### Aim of the exercise:
The listing below should be reproduced exactly, with the pictures omitted.

### Data block:
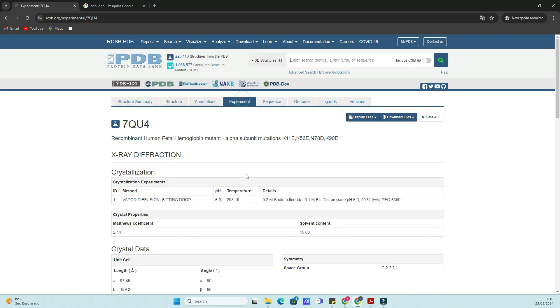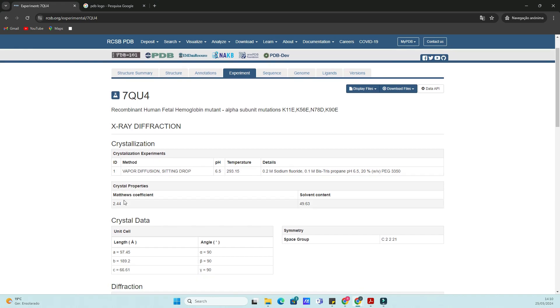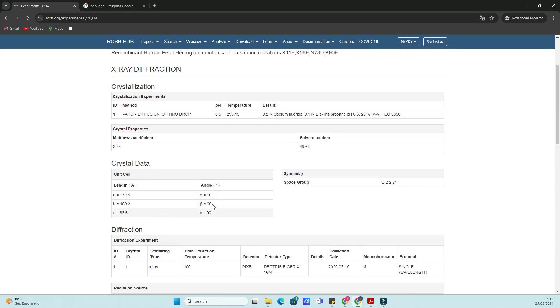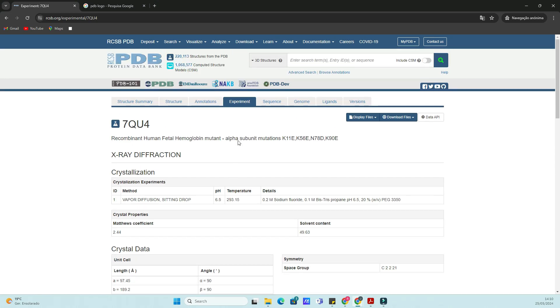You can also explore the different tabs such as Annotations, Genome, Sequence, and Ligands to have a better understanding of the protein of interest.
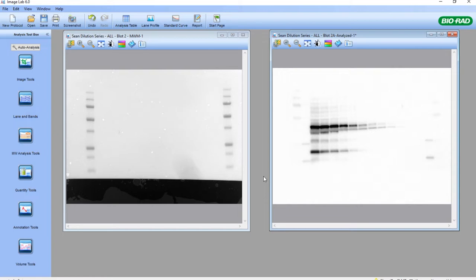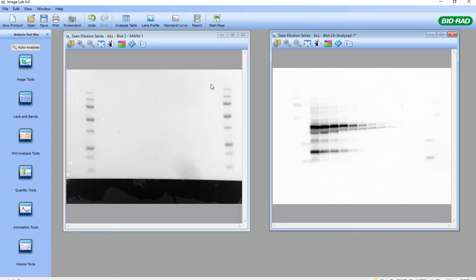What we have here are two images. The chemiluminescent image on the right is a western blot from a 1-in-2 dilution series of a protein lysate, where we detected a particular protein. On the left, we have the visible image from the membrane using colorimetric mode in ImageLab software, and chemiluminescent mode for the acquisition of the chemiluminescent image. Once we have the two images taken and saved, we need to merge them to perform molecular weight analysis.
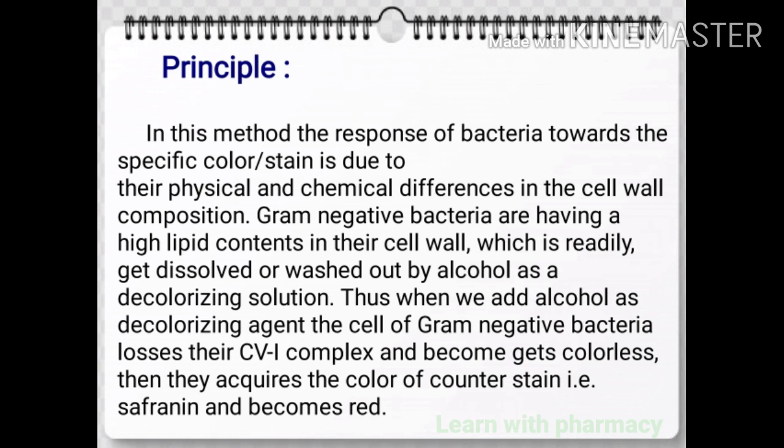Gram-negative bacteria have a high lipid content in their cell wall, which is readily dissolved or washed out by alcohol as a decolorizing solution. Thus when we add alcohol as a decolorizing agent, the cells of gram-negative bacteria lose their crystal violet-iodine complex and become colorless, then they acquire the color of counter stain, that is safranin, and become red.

### Result of this task:
You can also explore the different tabs such as Annotations, Genome, Sequence, and Ligands to have a better understanding of the protein of interest.
What we have here are two images. The chemiluminescent image on the right is a western blot from a 1-in-2 dilution series of a protein lysate, where we detected a particular protein. On the left, we have the visible image from the membrane using colorimetric mode in ImageLab software, and chemiluminescent mode for the acquisition of the chemiluminescent image. Once we have the two images taken and saved, we need to merge them to perform molecular weight analysis.
Gram-negative bacteria have a high lipid content in their cell wall, which is readily dissolved or washed out by alcohol as a decolorizing solution. Thus when we add alcohol as a decolorizing agent, the cells of gram-negative bacteria lose their crystal violet-iodine complex and become colorless, then they acquire the color of counter stain, that is safranin, and become red.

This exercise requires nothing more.